そしてクレアの方を見ると、もう梯子の真ん中辺りにいた。
「ほら、早く早く」
器用に片腕で体を支えながら振り向くその姿はこちらを急き立てるようで、鴎は自分もフェンスに近寄りながら声を掛ける。
「ま、待ってよ」
向こうが勝手に離れているだけなのに、どうして置いてきぼりにされた気分にならなければいけないのか。
近寄ってみると、フェンスは鴎の身長を優に超す高さだった。しかし尻込みしていては、差が開くばかりだ。
服が破れないように気を付けながら、なんとかフェンスを越えて鉄塔側にたどり着くと、クレアはもう頂上近くまで進んでいた。
そして鴎の目の前にはずらりと並ぶ段。一度に大量の課題を言い渡された気持ちで、鴎はそれを見上げた。気が滅入る光景だが、仕方がないので登り始めた。
額に玉の汗をかきながらようやく頂上にたどり着く。床にはいつくばって息を整えていると、クレアがこちらをじっと見ているのに気づいた。

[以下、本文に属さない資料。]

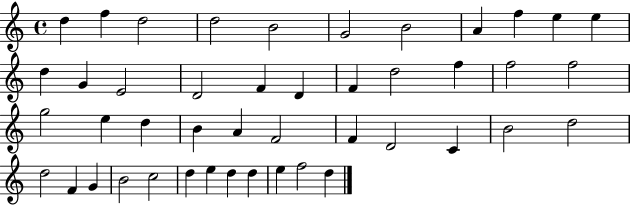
D5/q F5/q D5/h D5/h B4/h G4/h B4/h A4/q F5/q E5/q E5/q D5/q G4/q E4/h D4/h F4/q D4/q F4/q D5/h F5/q F5/h F5/h G5/h E5/q D5/q B4/q A4/q F4/h F4/q D4/h C4/q B4/h D5/h D5/h F4/q G4/q B4/h C5/h D5/q E5/q D5/q D5/q E5/q F5/h D5/q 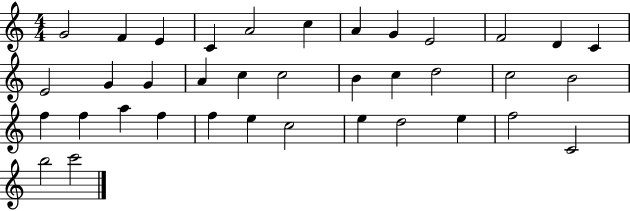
X:1
T:Untitled
M:4/4
L:1/4
K:C
G2 F E C A2 c A G E2 F2 D C E2 G G A c c2 B c d2 c2 B2 f f a f f e c2 e d2 e f2 C2 b2 c'2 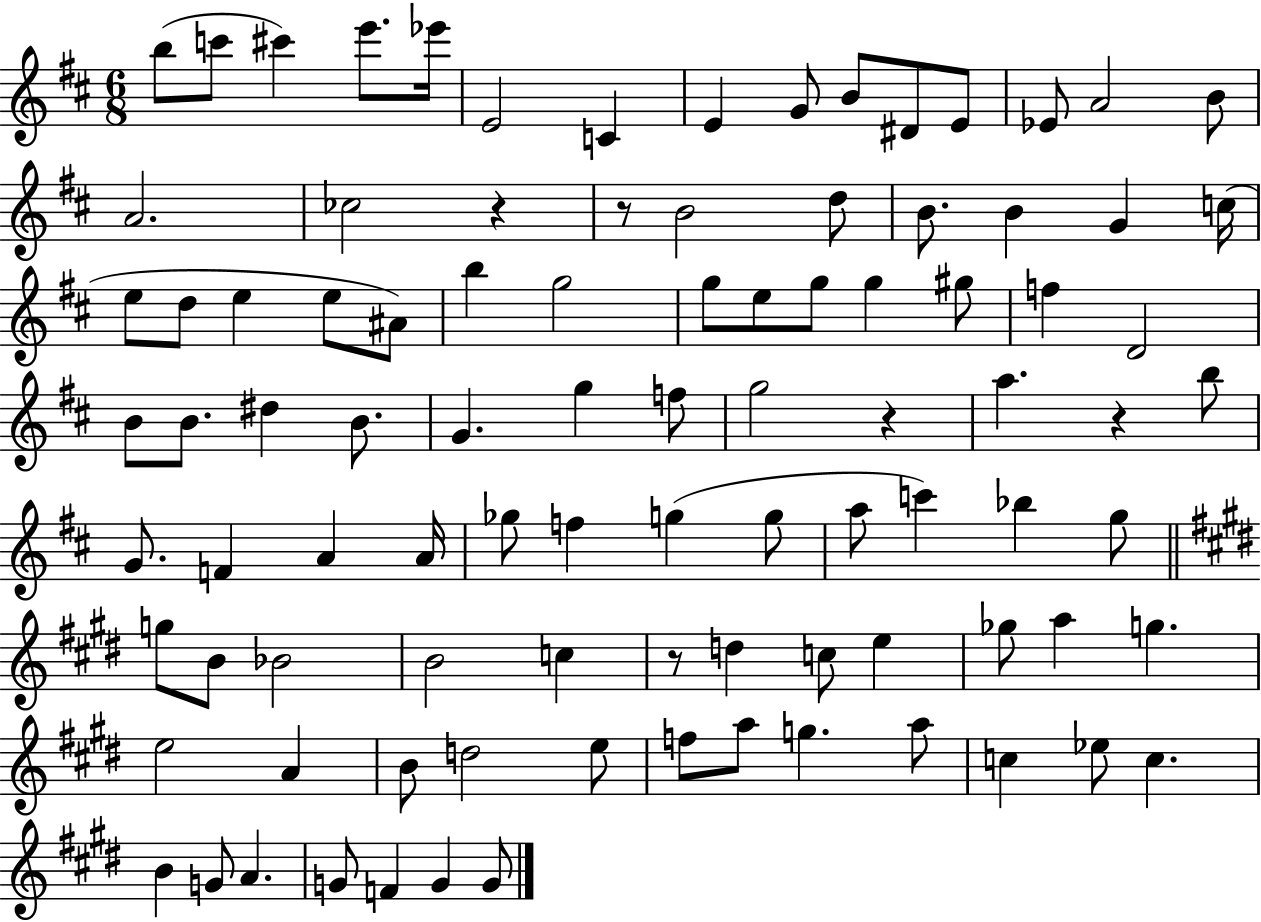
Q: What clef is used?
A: treble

そういえば自分は“可能種”の設定だったと思い出した。どう考えてももう手遅れだが、鴎は立ち上がると手すりに近づく。
「風が気持ちいいねぇ!?」
「まぁあんたは暑苦しいけど」
「…」
もの言いたげな鴎を無視して、クレアは駅が見える位置にすたすたと向かう。住宅街に比べるまでもなく、星明りが霞むほどの光量がそこにはあった。
「こんな時間でもあんなに人が起きてるんだね」
鴎がなんだか感傷的になっていると
「人は明かりを手に入れ、夜を退けた。それは時間さえ制したということだ。私の保護者が言ってた」
「なんか詩的だね?」
「そうでもないでしょ。あいつはそのせいで居場所のなくなった“可能種”がいるんだって言いたかっただけ、そんなの言ったって仕方ないじゃない」
怒気が含められた口調に、少し意外なものを見た気持ちでクレアの方を向くと、眼下の明かりも届かない程の暗さが瞳に宿っていた。すると、鴎が驚きを表す前に目の前の体を炎が覆った。
「うわっ!」
視界を埋め尽くす火の粉に顔を照らされ、鴎が思わずのけぞる。その声に反応して振り向くクレアは、周囲に燻りを残しながら、黒を中心とした服を着ていた。
これには見覚えがある。気になって結に聞いたのだ。
「“威装”…!」
“可能種”が有事に身にまとう、彼らが彼らのために誂えた衣服。そう簡単に傷つかない頑丈さを有していながら、重さを感じさせないほど軽量なのだと言っていた。